When was the last time you cried?
That question seems to caught up in so much baggage. As though you must of been either; weak, scared or self-pitying. Perhaps you were happy, excited or surprised, you just needed to be overcome with some emotion. I’m championing crying at the moment.
So many of my tears have been shed in airports, there’s something so powerful about the energy at an airport. People relieved to be back, heartbroken to be leaving or physically embodying the emotional baggage they know they’re know travelling back with. Airports are filled with joy, sadness and excitement.
My picture is a really free great moment I had, lying on a walkway for hours with a great woman I met by chance in San Francisco, then reconnected with in New York. It’s a reminder that despite the tears I’ve been blessed to have FAR more happy moments in this life.
Not many people have seen me cry. I think (more than I want) have probably seen me shed alcohol through my eyes back in my hay day. But few have seen me be overcome with emotion in a real, vulnerable or raw kind of way. It’s not that I’m a reclusive cryer. I rarely cry on my own. When I’m alone it’s like I am so hard on myself the drill sergeant inside me tells me to get ahold of myself (and drop and give me twenty). All the pain someone dissipates or is displaced to some other place which is sad.
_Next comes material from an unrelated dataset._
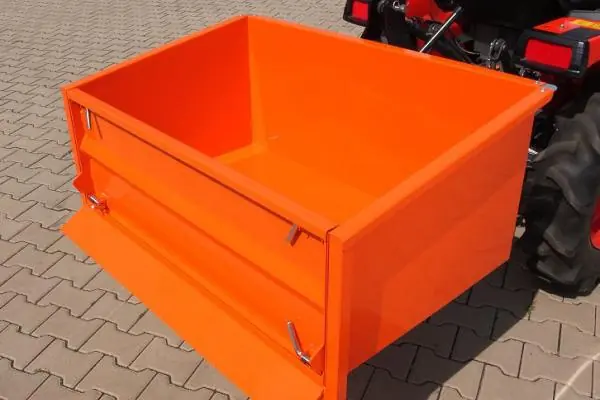 Transportní box TRB 100 VARES Schnäppchen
I find that fact fascinating.
When I cry do I like a child need someone to witness it to validate my pain? Or am I so much more at ease with myself so when I’m alone I can deal with whatever I’m feeling?
I honestly don’t know. If I don’t know it’s unlikely that anyone else will know the little discrepancies which make up me. What I do know is that at some key moments in my life which were sad, exciting or shocking I only cried in the presence of someone else.
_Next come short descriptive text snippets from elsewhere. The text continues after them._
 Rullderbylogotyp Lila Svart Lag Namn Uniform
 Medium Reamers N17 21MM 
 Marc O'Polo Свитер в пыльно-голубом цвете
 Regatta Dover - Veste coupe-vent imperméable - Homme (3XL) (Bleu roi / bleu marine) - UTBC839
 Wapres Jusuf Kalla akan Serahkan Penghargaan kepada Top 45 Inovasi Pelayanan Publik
I cried seemingly constantly the day I was leaving what I felt to be my new home, even whilst eating Indian food before getting on a plane, but the second I was through the airport doors my well dried-up. When I got back home, I felt lost and confused I had to go upstairs get in bed, then come back downstairs walk into the room sit next to my Mum and then let the well fill up again.
I found myself crying in a hostel room with 11 other people asleep around me at 5am, I cried whilst at Bangkok Airport surrounded by strangers and I cried whilst on the plane also surrounded by unknowns. These were only ‘alone crying events’ by the fact I didn’t know anyone. I was not in fact alone. Maybe my hypotheses still stands.
There have been long periods of times where I never cried, also times where I cried for on reflection no good reason, where I cried while driving, while leaving, while coming back and going somewhere new.
Just the other day I cried A LOT, it was a river that seemed to be leading to nowhere, with so many river inhabitants being washed up to shore along the way. At the end I felt less like a beached whale than a deflated beached whale. I’d let out a lot of hot air, a list of things which were worrying me stored up inside. That is powerful.
In Yoga, we believe our body holds our emotions. Sometimes you have to sit in a pose for such a long time to feel the discomfort and realise that the pain is actually emotional pain manifesting as the physical.
You also sometimes need to just irrationally, irreversibly and uncontrollably cry, cry without reason or regret, cry until you laugh.
When was the last time you cried? Do you ever wonder about the tendencies of your tears or lack-of?